Inside embedded Node.js database

Data storage

Database stored as a folder where each file represent single collection. Collection files used in append only mode which ensures safe access to data but can cause space overuse as you update your data. As workaround for this database will make automatic compactization when overuse ratio grows above configured limit.
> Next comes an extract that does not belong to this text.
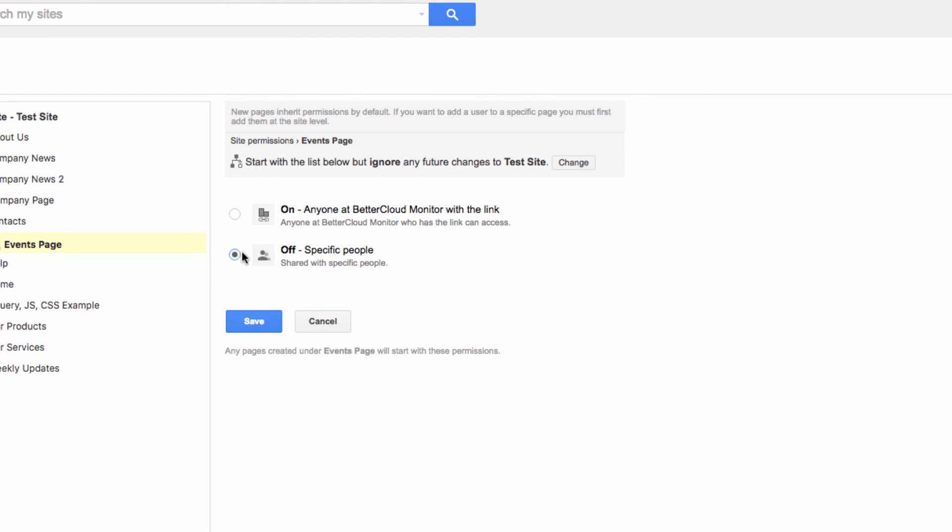You can make these separate pages for certain employees or groups, which is really where you get the true power of Google Sites as an intranet.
Documents itself serialized using …. surprise…. JSON. However at the time when we started implementation we was not sure that JSON is best format. We did some benchmarks using BSON, MessagePack ans some others. The winner was JSON. Probably this is because it is native for JavaScript and highly optimized. Every document represented by 3 objects in data file. First is constant size header, second is variable size header and the last is document itself. This approach allows to increase initial file load speed and give us some freedom for future changes.

Memory cache

MongoDB uses memory mapping which employ Linux Kernel caching and it is perfect solution. But we also need cache because without it things will be too slow. Every query will pull data twice when it does actual search and then when results fetched. So TingoDB has size limited memory cache which use the fastest possible replace strategy. We tried more sophisticated options like LRU but they are not effective.

Data types

We support build-in JavaScript/NodeJS types (String, Number, Date, Buffer, Object, Array) plus ObjectID. All of this naturally mapped into JSON. Date, Buffer and ObjectID have specific handling during serialization with goal to preserve types in deserialization. There is also specific Code class similar to BSON, but it not serialized and used only in API.

Indexes

Indexes are represented by in-memory B-tree lists. They are wrapped to high level objects that implement MongoDB specific behaviour (sparse indexes, unique and so on). Indexes are not serialized and recreated every time you load database. This is not the most efficient approach but for initial design goals it is more than enough.

Search & Sorting

Search fully mimics MongoDB behaviour, all operators are implemented. For optimal speed MongoDB query constructions are compiled into static loop-less functions and use standard JavaScript comparison operations. Surprisingly this approach works very fast and highly compatible with MongoDB. Even regular expressions work out of the box with same code. Initially we tried to use dynamic approach that we found in other libraries. However based on further benchmarks we found that it is very slow solution compared to static functions.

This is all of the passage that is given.